If you can't avoid hay storage above them... make sure to keep hay on pallets if possible, and a tarp underneath if the ceiling is open at all. If it's a closed ceiling, however, not too much dust should come through.


----------



## ksalvagno (Oct 6, 2009)

5x6 is way too small. Especially if you have bad winter days and want to lock them in. I'd do no smaller than 8x10 but go a bit bigger if you can. Remember, when there are kids, there will be more goats to house. You also want enough room if you plan on keeping any. Go the largest size you can afford because you always end up needing more room.

I have a 15x25 area for goats and I wouldn't want it any smaller. Especially when you have a couple does with kids. But I had full size goats. I did also have bad winter days when I had to keep their door closed and everyone had enough room to get away from each other.


----------



## NigerianDwarfOwner707 (May 17, 2018)

ksalvagno said:


> 5x6 is way too small. Especially if you have bad winter days and want to lock them in. I'd do no smaller than 8x10 but go a bit bigger if you can. Remember, when there are kids, there will be more goats to house. You also want enough room if you plan on keeping any. Go the largest size you can afford because you always end up needing more room.


That is why I suggested making the storage space smaller to make more room for the goats. For 2 kids, it's not awful. But as they get older I don't think 5x6 is suitable either.

For 2 goats I'm currently building a 10x10 shed with a 10x6 lean to off of it. It's a bit extra, but I also would prefer an indoor space of no smaller than 8x10.


----------



## Sfgwife (Feb 18, 2018)

Ok my thoughts. I would put the milk room on a side wall/corner and close it in. May e on the coop wall? Everyone will be tryin get to that grain when you put in in the feeder. So the doe might be more fidgety on the stand. Plus... if the kids are out they will be harassin you and up on the stand with mama tryin nurse. My milk room is also my supply room. It does not take too much room to milk.

Always build as bigs you possibly can... goat math WILL strike and then what? We are buildin two more big stalls because of animal math. .

I would also put quarrantine out of the way of anyone and closed as well as i could. But it still needs ventilation. If you have a sickie you dont want the germs spreadin maybe add a small room on the outside of the barn. Where you have it if you need do anything with a sickie you are travelin through the main barn area, to quarantine, out in the main barn again. Tracking whatever yuck through your healthy animals spaces.
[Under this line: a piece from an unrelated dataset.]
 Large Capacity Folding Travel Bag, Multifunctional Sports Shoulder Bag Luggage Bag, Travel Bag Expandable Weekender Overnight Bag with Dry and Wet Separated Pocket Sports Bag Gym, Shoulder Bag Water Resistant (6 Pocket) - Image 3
What about switchin the open area and the main stall area? Or is what you have labeled main area gonna be open to the outside all the time?

For chickens and goat to be together you need make absolute sure goats cannot get in the feed.... kids inuded. Kids can easily slip in a small chicken door. We have turks with our goats. They get fed at evenin feed through the night and in mornin feed is picked up.


----------



## goathiker (Apr 14, 2011)

I can see some major frustration trying to clean that as well! Can you start with a 16×16 shed? I'll make a drawing for you.


----------



## NigerianDwarfOwner707 (May 17, 2018)

For reference are currently building a new barn for 2 goats of an entire area of 10x16. A 10x10 fully closed shed, with a 6 ft lean to.


----------



## ksalvagno (Oct 6, 2009)

Chickens are also going to take up part of that area. With having breeding goats and in Maine, they really have to be prepared for goats spending time in the barn, even if they aren't locked in. You have to be prepared for 2 does having quads the same year. That is 10 goats. Even if they plan on selling most or all of the kids, you don't want them cramped in because that will just lead to parasite problems.


----------



## MadCatX (Jan 16, 2018)

Im with Karen, if you expand the shear amount of Goat berries would be a breeding ground for parasites.


----------



## seachick (Jun 2, 2010)

All great info folks, thank you so much!! I'm working on a new plan. I still don't think I can get my milking/feed area closed off entirely, but making some other changes. Unfortunately we are limited to a fairly small building, so some compromises have to be made, but I'm trying to make the best decisions with what I can build  Will report back!


----------



## seachick (Jun 2, 2010)

Here's the revised plan. The goat barn is 12 x 16. The chicken coop is a separate attached smaller building. The goat barn has a 12 x 10 hayloft above the stall area, and is open to the rafters on the 6 feet over the doors/storage/coop access/milking area, with a skylight (it's a pretty tall roof, 12/12 pitch.)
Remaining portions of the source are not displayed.